Onassis tardó poco en aborrecer a Jacki, que fundía su capital a marchas forzadas en ropa y joyas. Eso le lloraba a la propia Callas, que terminó por perdonarlo a pesar de la humillación. No pudo dejar de quererlo y arroparlo, más cuando este se le acercó desvalido tras la muerte de su hijo Alexander por un accidente de avioneta. Le dejaba subir a su apartamento en París, donde se le fue poco a poco apagando el deseo de todo: de amar, de cantar y, en definitiva, de vivir. Rumiaba grabar nuevos discos pero sabía que su voz no estaba ya a la altura de la leyenda que había forjado. Un colapso de aquel corazón tatuado con mil cicatrices la derribó en 1977. Dejó dictado el borrador de unas memorias. Pero también dijo: “Mis memorias están escritas en la música que he interpretado”.
La novela de una vida
Tan fiera, tan frágil, de Alfonso Signorini (Lumen)

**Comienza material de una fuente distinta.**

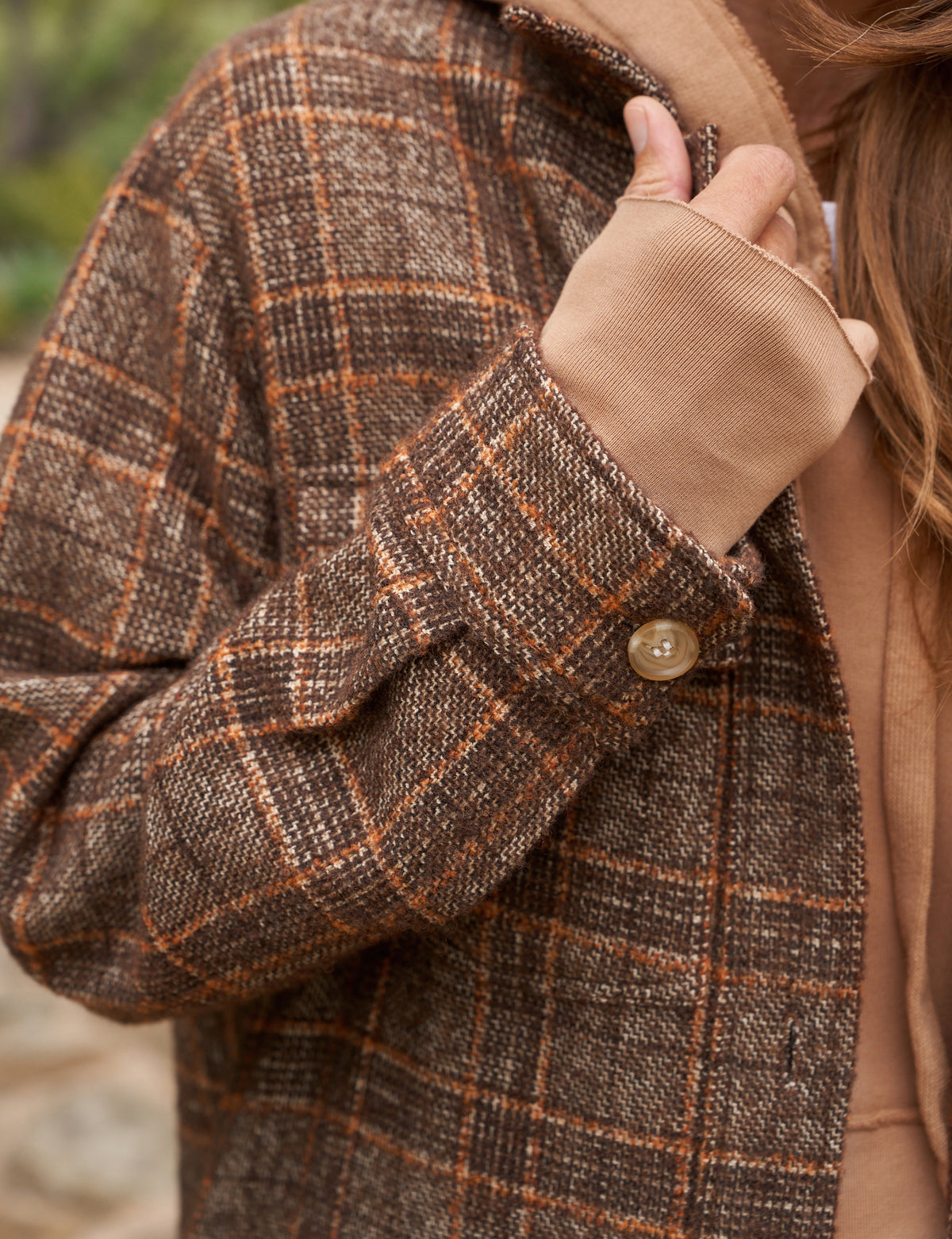 The Gavin Italian Boucle Shirt Jacket from Frank &amp; Eileen is a long, plaid coat in shades of brown with an oversized fit. Made from luxurious pre-washed wool, the coat features a collared neckline, button closure, and two large front pockets. Sleeves are rolled to mid-length and the fabric showcases a textural, woven appearance. The tag inside reads &quot;Frank &amp; Ellen.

La de Maria Callas fue una vida de novela, un melodrama que no han dejado escapar algunos escritores y periodistas, como el italiano Alfonso Signorini, que, en Tan fiera, tan frágil, traza una narración literaria a partir de la correspondencia privada en la que la Diva se sinceraba con una intimidad transparente: sobre sus inseguridades canoras, sobre el dolor insoportable por el hijo perdido, sobre la tensión eterna con su madre, sobre el amor tormentoso con Onassis… Un material idóneo para novelar que el popular periodista italiano amalgama con escenas cortas y ritmo cinematográfico.
El adiós a la diva, de Fernando Fraga (Fórcola)
En otra línea, más musicológica, se mueve la biografía de Fernando Fraga, Maria Callas, el adiós a la diva. Autor especializado en ópera, hace un recuento exhaustivo de la estelar carrera de la soprano, glosando triunfos y el proceso de decadencia vocal, determinado por las fatigas del querer y los litigios familiares. Aparte, disecciona su voz recogiendo testimonios reveladores de las facultades de una artista que, en realidad, tenía su fuerte en la capacidad para ir a lo más hondo de los personajes.
Cartas y memorias, de Tom Volf (Akal)
Tom Volf se ocupó de compilar en un volumen sus cartas y los recuerdos que fue dictando con vista a unas memorias. Un libro, pues, que presenta a la cantante sin mediación alguna. Materia prima original que va desde 1946 a 1977. Incluye las que remitió a su segunda madre, la maestra española Elvira de Hidalgo.
Elvira de Hidalgo de Prima Donna a maestra de Callas, de Juan Villalba (Fórcola)
Una figura clave en su carrera que, antes de instruirla, en el primer tercio del siglo XX, fue también soprano de éxito, como documenta Juan Villalba en Elvira de Hidalgo, de prima donna a maestra de Maria Callas.